Second Approach: Fat executors (One Executor per node):
Fat executors essentially means one executor per node. Following table depicts the values of our spark-config params with this approach:
--num-executors = 10 (In this approach, we'll assign one executor per node total-nodes-in-cluster 10)
--executor-cores = 16 (one executor per node means all the cores of the node are assigned to one executor total-cores-in-a-node 16)
--executor-memory = 64GB (amount of memory per executor mem-per-node/num-executors-per-node 64GB/1 = 64GB)
Analysis: With all 16 cores per executor, apart from ApplicationManager and daemon processes are not counted for, HDFS throughput will hurt and it’ll result in excessive garbage results. Also,NOT GOOD!
Third Approach: Balance between Fat (vs) Tiny
According to the recommendations which we discussed above:
- Based on the recommendations mentioned above, Let’s assign 5 core per executors => — executor-cores = 5 (for good HDFS throughput)

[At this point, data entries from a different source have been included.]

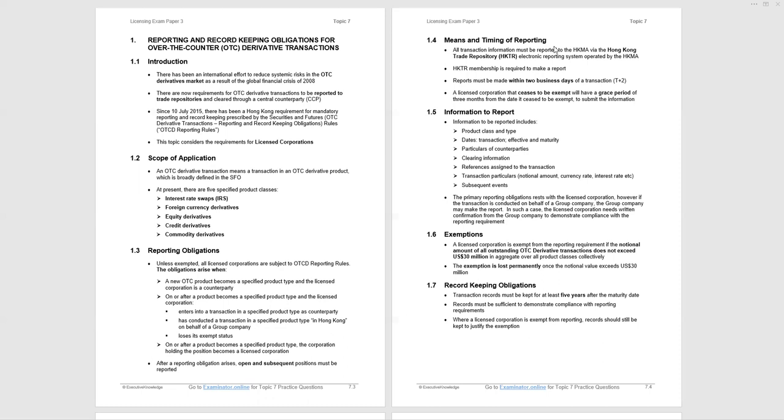As we'll discover, you can be exempt, and we'll find out what the exemption criteria is in a moment. But a licensed corporation that ceases to be exempt will have a grace period of three months from the date it ceased to be exempt to submit the required information.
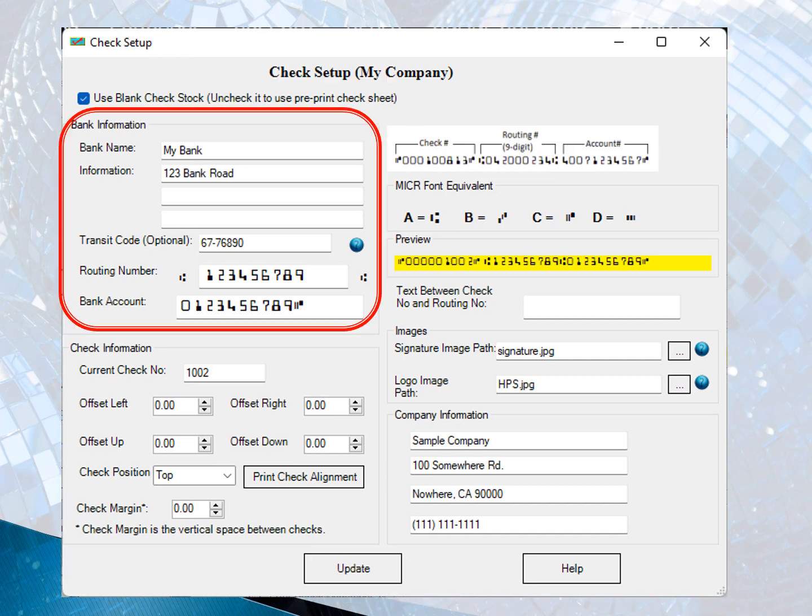Bank information is required. If you choose to use preprinted checks, you can leave the default sample data here. The transit code is optional. If you have this data on your old check, you can enter it. Otherwise, you can leave this field blank.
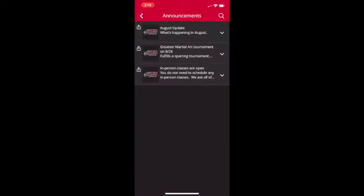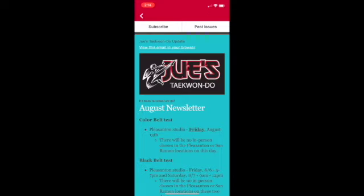Announcements. You'll find our newsletter, events, and any important announcements here. Click on one of the announcements to get more detail. This is one of the most important features of this app.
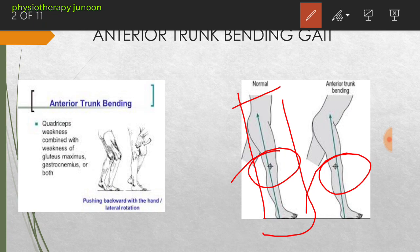What is the cause behind this? This is due to the quadriceps weakness combined with the weakness of the gluteus maximus and the gastrocnemius, or both muscles. In anterior trunk banding, the subject flexes his or her trunk forward early in the stance phase.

- Leave 1 core per node for Hadoop/Yarn daemons => Num cores available per node = 16–1 = 15
- So, Total available of cores in cluster = 15 x 10 = 150
- Number of available executors = (total cores / num-cores-per-executor) = 150 / 5 = 30
- Leaving 1 executor for ApplicationManager => — num-executors = 29
- Number of executors per node = 30/10 = 3
- Memory per executor = 64GB / 3 = 21GB
- Counting off heap overhead = 7% of 21GB = 3GB. So, actual — executor-memory = 21–3 = 18GB
So, recommended config is: 29 executors, 18GB memory each and 5 cores each!!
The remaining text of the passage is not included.